En d'autres termes, CWE se concentre sur la cause, tandis que CAPEC se concentre sur l'action de l'attaquant. Les deux peuvent être reliés : un modèle CAPEC précise souvent quelles CWE il cible, ce qui permet de faire le lien entre la vulnérabilité théorique, l’exploitation pratique, et les CVE associées.
Les professionnels de la cybersécurité sont les principaux utilisateurs des CAPEC : analystes SOC, experts en tests d’intrusion, architectes sécurité, développeurs, formateurs ou équipes de threat intelligence. Ils s’en servent pour comprendre les tactiques adverses, préparer des scénarios de tests, et renforcer les défenses.
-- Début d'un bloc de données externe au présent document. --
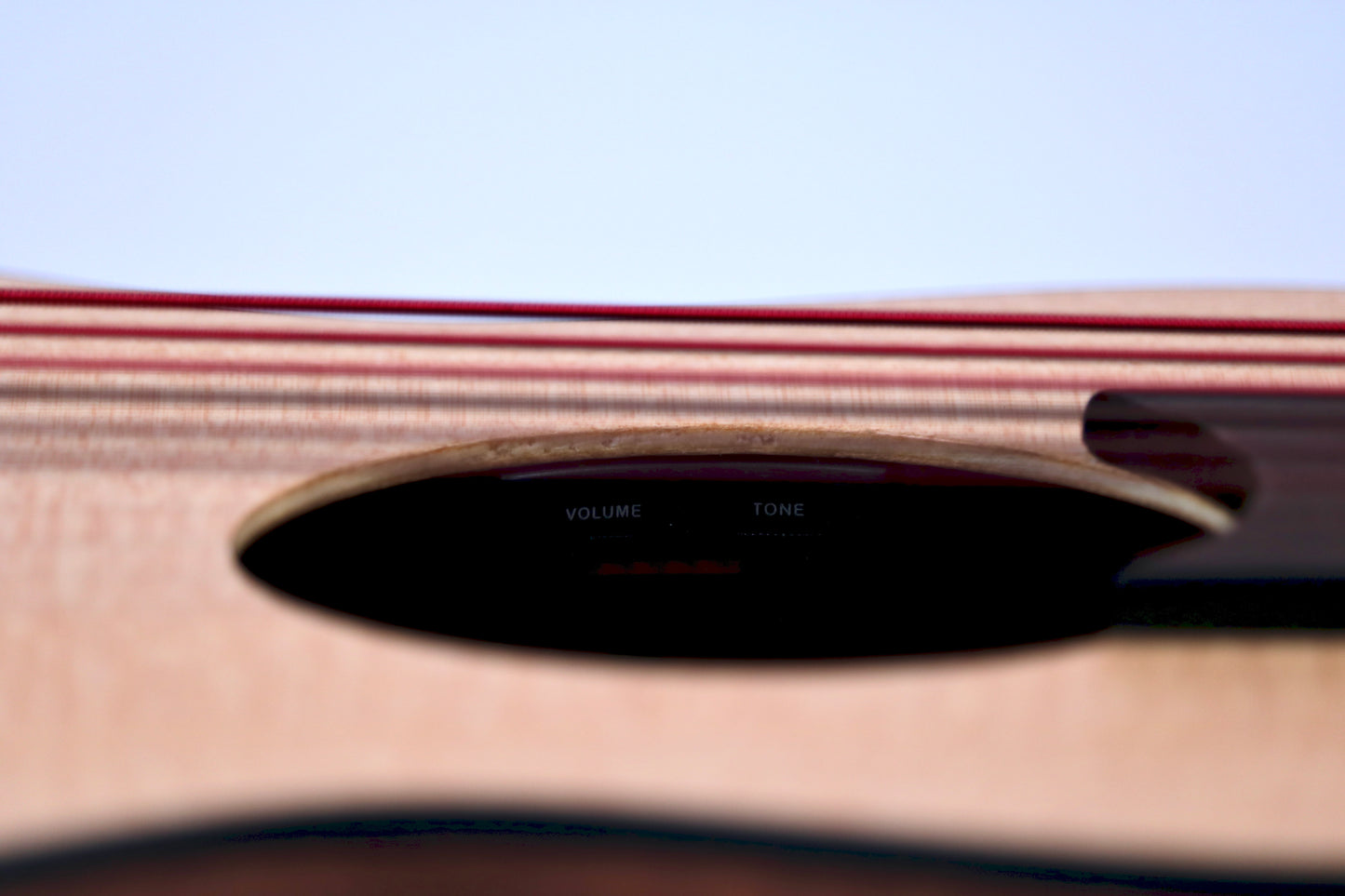 Bonsai Ventura Natural + Pickup (BV01P)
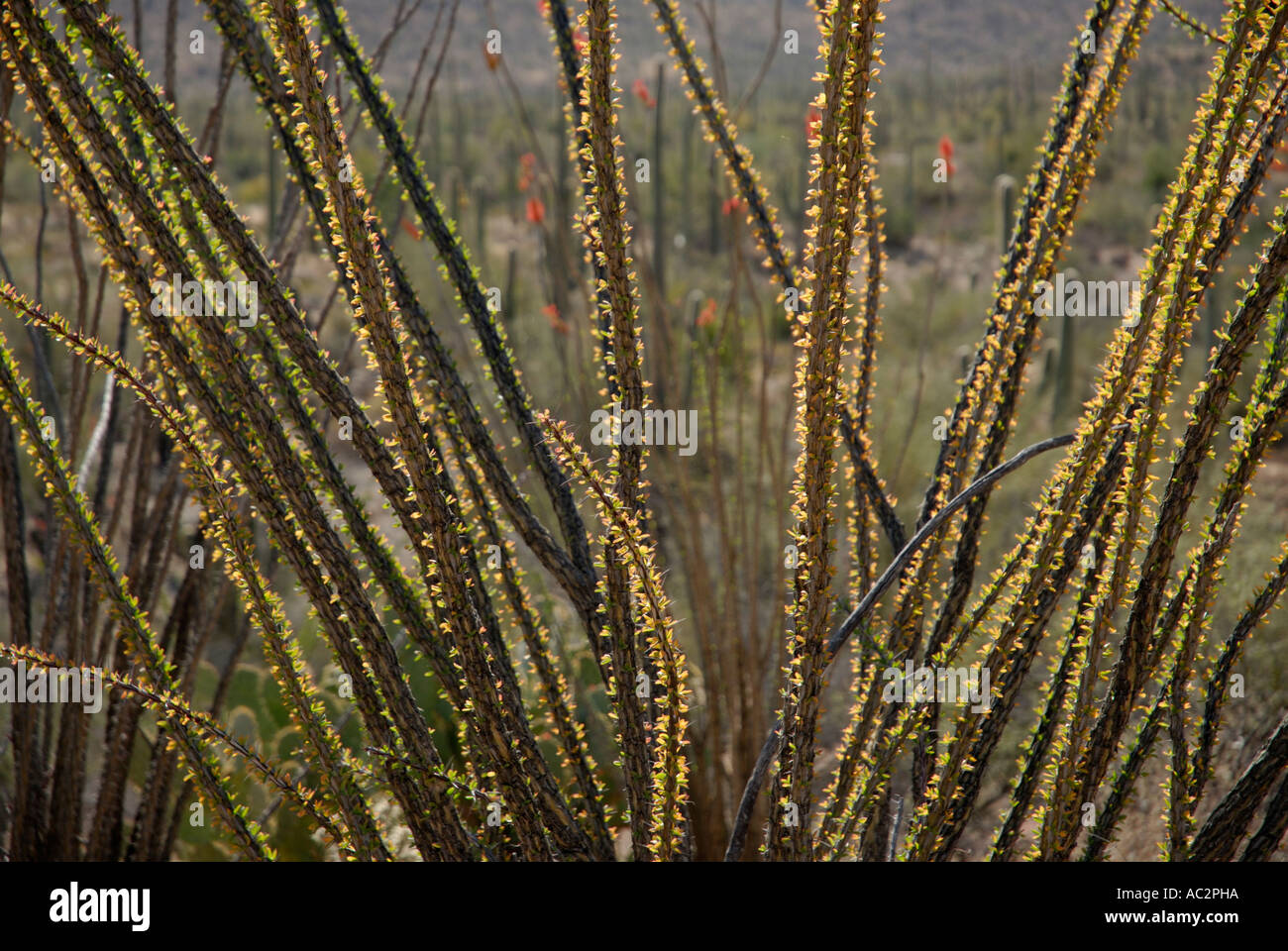 Ocotillo, Fonquieria splendens, tallos con retroiluminación ocotillo flores rojas, el Desierto de Sonora, en el suroeste de EE.UU. Foto de stock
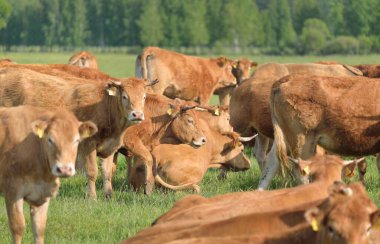 Yeşil bir orman çayırında otlayan kahverengi inekler. Yazın kırsal alanda. Pastoral manzara. Evcil hayvanlar, çiftlik hayvanları, çiftlik, gıda endüstrisi, sığır ve süt, alternatif üretim, kırsal yaşam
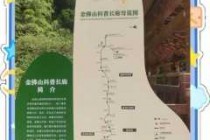 重庆金佛山旅游攻略一日游？重庆金佛山旅游路线？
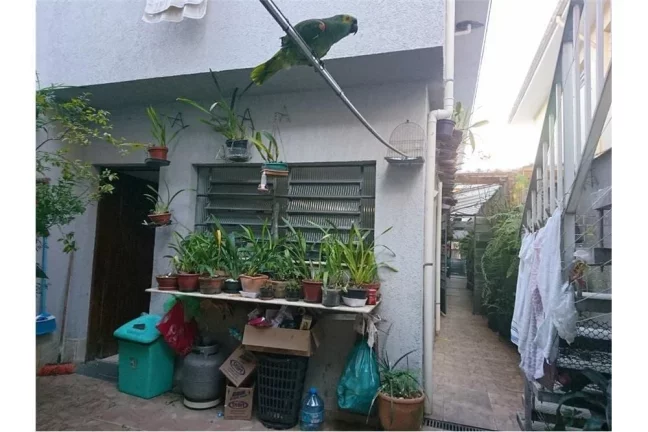 Imagem VML 721 Casa 601971007-130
Par exemple, un pentester peut utiliser un CAPEC pour structurer une attaque simulée selon un scénario réaliste. Un développeur peut y trouver des indications sur les erreurs de conception à éviter. Un RSSI peut les intégrer dans des analyses de risques pour mieux illustrer les conséquences potentielles d’une faiblesse technique.